A Japanese Lunch & Desserts

Yesterday I had the intention of going to eat lunch at Cafe Sabarsky. However, the wait was killing me – almost 40 minutes and I was starving! So, I just gave up my spot on line and just took a bus down 5th Avenue. I ended up going to Takashimaya’s Tea Box Cafe. I wanted to eat here for a while and since I this is my chance now, I went in.
Those of you who have never went in here before, it’s basically an upscale Japanese department store that tastefully blend Japanese and French style. (I must say that their first floor floral boutique arrangements are gorgeous.) Anyways, the Tea Box Cafe is in the basement of the store. Once you get there, you’re greeted with all things tea; may it be teapots, tea leaves, as well as some Japanese confections and cookies.

Since it’s lunch hour (1 PM), there’s a wait list of people but fortunately I could kill my time a bit just browsing their wares for 10 minutes. When the hostess called me in, I was seated on the corner that borders the outside main room and the interior room. Hence the photo you see below.

Main room

Interior room; toward the back

The decor looks serene and the colors are very neutral: shades of tan and light brown. The back room is very dim lit. The demographic of the diners here are basically tourists, women who lunch, and a few for business lunch.

I ordered the Bento Box Lunch ($19) and a pot of oolong tea ($5).

Bento Box
My pot o’ tea

The oolong tea is wonderful. The tea leaves they used are of one of the finest quality as I have tasted.

The bento box looks great and nicely presented. The rice section of the bento:
It’s a medium grain rice, it had a more stickier texture than a long grain rice (obviously, because the starch content is slightly greater). It was really nutty in flavor because of the toasted sesame seeds and also there were chopped chestnuts. It’s different for me but it tastes good. It had flavors of soy and nuances of shrimp.

Next was the duck salad.
I didn’t realize there was duck until I moved all of those microgreens to the side.
The duck was perfectly cooked and well, delicious. I just wished it had more than two slices of duck. The vinaigrette tasted fine; a nice balance of sweet and tang but was a bit too oily for me, when I saw a pool of oil at the bottom of my bowl.

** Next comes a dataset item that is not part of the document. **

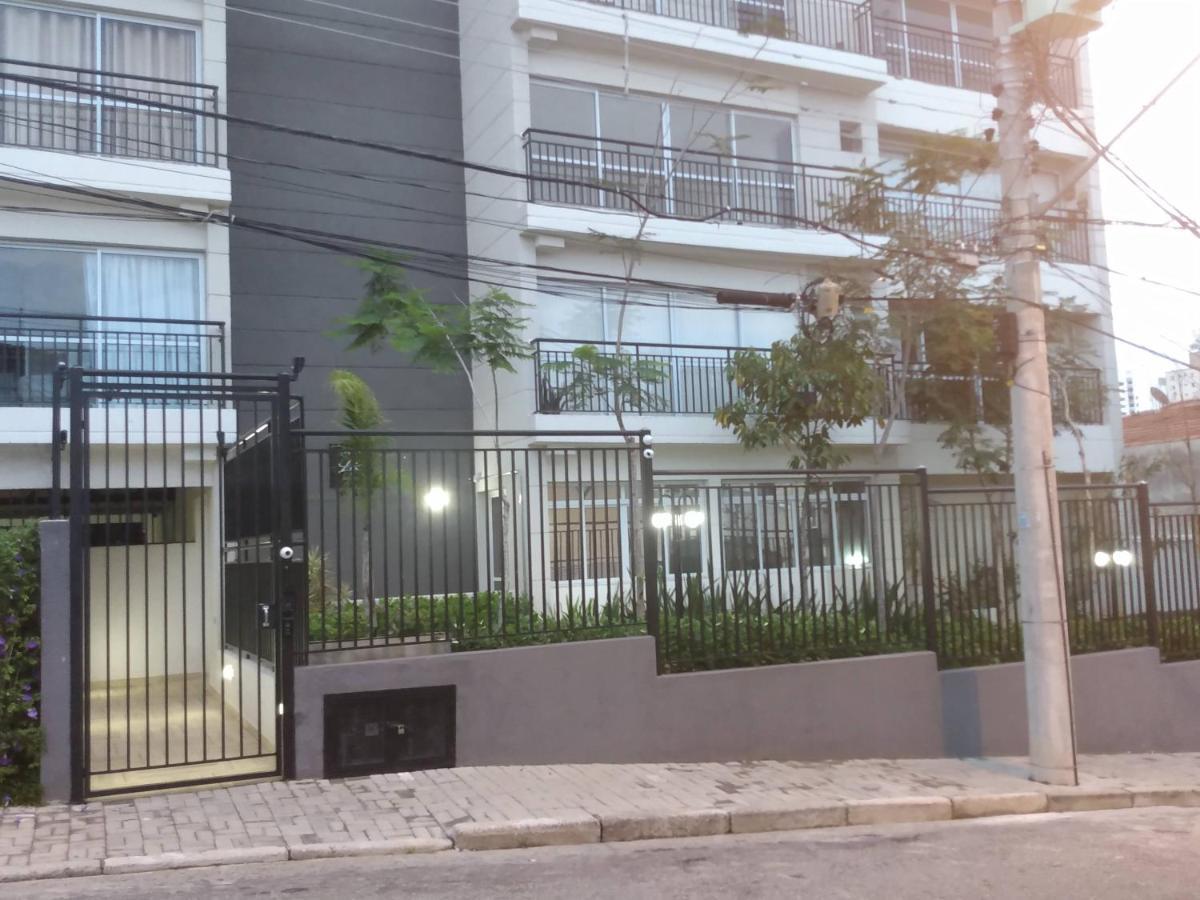 Studio Em Santana - Zona Norte De Sao Paulo公寓 外观 照片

Then I went onto the miscellaneous dish.

It’s filled with a slice of fried, dried tofu (the square on the right). It was glazed with a sweet sauce, which I don’t know the name. My complaint is that it’s cold. I’m more accustomed with having tofu served warm. The squash, on the left of the tofu, tasted different. I can’t explain it exactly but it had the texture of a cooked wax potato – mealy, and not much flavor in it either. The shrimp shumai, in the back of the tofu, is actually one of the best shumai I’ve tasted in a long time. The shrimp is not overcooked and the wrapping is at the perfect thickness. Finally, the yellow slice that you see in the back, it’s a wedge of egg with chestnuts. I would describe it as a wedge of dense frittata with chunks of chestnuts. The chestnut gave an interesting texture to the egg but not much for flavor.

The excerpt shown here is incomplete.